» **PROBLEM**: Please repeat the data exactly, leaving nothing out.

» **LISTED ENTRIES**:
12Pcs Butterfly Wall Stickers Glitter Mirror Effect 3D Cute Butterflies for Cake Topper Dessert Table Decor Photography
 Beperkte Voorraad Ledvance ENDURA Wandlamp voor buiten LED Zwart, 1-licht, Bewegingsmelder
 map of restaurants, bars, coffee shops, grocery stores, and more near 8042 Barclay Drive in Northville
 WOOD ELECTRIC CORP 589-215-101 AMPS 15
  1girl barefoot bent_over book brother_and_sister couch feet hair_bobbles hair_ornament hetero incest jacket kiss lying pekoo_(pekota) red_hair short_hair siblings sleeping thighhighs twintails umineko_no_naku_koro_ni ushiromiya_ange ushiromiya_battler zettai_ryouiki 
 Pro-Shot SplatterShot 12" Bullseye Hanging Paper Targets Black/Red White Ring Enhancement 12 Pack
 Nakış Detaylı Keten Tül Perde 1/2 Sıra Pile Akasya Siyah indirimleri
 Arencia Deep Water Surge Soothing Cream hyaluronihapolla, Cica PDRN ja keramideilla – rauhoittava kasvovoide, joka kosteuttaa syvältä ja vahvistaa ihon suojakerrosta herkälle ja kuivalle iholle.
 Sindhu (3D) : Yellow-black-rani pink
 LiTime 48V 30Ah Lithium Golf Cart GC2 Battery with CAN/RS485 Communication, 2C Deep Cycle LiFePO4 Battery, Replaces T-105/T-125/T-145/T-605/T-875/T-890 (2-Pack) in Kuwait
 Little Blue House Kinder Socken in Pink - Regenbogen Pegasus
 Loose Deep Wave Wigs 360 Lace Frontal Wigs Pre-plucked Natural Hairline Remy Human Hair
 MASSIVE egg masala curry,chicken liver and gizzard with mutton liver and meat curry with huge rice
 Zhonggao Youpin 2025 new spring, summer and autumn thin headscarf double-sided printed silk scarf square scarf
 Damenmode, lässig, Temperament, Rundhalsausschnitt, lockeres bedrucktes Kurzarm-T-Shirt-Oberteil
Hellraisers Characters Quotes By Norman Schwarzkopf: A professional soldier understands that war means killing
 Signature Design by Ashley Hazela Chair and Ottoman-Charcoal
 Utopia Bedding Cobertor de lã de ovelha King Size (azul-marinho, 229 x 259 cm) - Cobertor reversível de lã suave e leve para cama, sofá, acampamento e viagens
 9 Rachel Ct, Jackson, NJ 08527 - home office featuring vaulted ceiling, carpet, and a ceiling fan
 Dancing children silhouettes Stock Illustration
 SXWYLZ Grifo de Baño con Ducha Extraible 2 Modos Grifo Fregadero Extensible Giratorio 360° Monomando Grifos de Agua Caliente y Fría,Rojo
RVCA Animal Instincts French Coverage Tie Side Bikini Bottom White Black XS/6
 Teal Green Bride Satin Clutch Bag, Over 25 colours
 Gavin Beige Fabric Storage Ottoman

» **RESPONSE FOR THIS EXERCISE**:
12Pcs Butterfly Wall Stickers Glitter Mirror Effect 3D Cute Butterflies for Cake Topper Dessert Table Decor Photography
 Beperkte Voorraad Ledvance ENDURA Wandlamp voor buiten LED Zwart, 1-licht, Bewegingsmelder
 map of restaurants, bars, coffee shops, grocery stores, and more near 8042 Barclay Drive in Northville
 WOOD ELECTRIC CORP 589-215-101 AMPS 15
  1girl barefoot bent_over book brother_and_sister couch feet hair_bobbles hair_ornament hetero incest jacket kiss lying pekoo_(pekota) red_hair short_hair siblings sleeping thighhighs twintails umineko_no_naku_koro_ni ushiromiya_ange ushiromiya_battler zettai_ryouiki 
 Pro-Shot SplatterShot 12" Bullseye Hanging Paper Targets Black/Red White Ring Enhancement 12 Pack
 Nakış Detaylı Keten Tül Perde 1/2 Sıra Pile Akasya Siyah indirimleri
 Arencia Deep Water Surge Soothing Cream hyaluronihapolla, Cica PDRN ja keramideilla – rauhoittava kasvovoide, joka kosteuttaa syvältä ja vahvistaa ihon suojakerrosta herkälle ja kuivalle iholle.
 Sindhu (3D) : Yellow-black-rani pink
 LiTime 48V 30Ah Lithium Golf Cart GC2 Battery with CAN/RS485 Communication, 2C Deep Cycle LiFePO4 Battery, Replaces T-105/T-125/T-145/T-605/T-875/T-890 (2-Pack) in Kuwait
 Little Blue House Kinder Socken in Pink - Regenbogen Pegasus
 Loose Deep Wave Wigs 360 Lace Frontal Wigs Pre-plucked Natural Hairline Remy Human Hair
 MASSIVE egg masala curry,chicken liver and gizzard with mutton liver and meat curry with huge rice
 Zhonggao Youpin 2025 new spring, summer and autumn thin headscarf double-sided printed silk scarf square scarf
 Damenmode, lässig, Temperament, Rundhalsausschnitt, lockeres bedrucktes Kurzarm-T-Shirt-Oberteil
Hellraisers Characters Quotes By Norman Schwarzkopf: A professional soldier understands that war means killing
 Signature Design by Ashley Hazela Chair and Ottoman-Charcoal
 Utopia Bedding Cobertor de lã de ovelha King Size (azul-marinho, 229 x 259 cm) - Cobertor reversível de lã suave e leve para cama, sofá, acampamento e viagens
 9 Rachel Ct, Jackson, NJ 08527 - home office featuring vaulted ceiling, carpet, and a ceiling fan
 Dancing children silhouettes Stock Illustration
 SXWYLZ Grifo de Baño con Ducha Extraible 2 Modos Grifo Fregadero Extensible Giratorio 360° Monomando Grifos de Agua Caliente y Fría,Rojo
RVCA Animal Instincts French Coverage Tie Side Bikini Bottom White Black XS/6
 Teal Green Bride Satin Clutch Bag, Over 25 colours
 Gavin Beige Fabric Storage Ottoman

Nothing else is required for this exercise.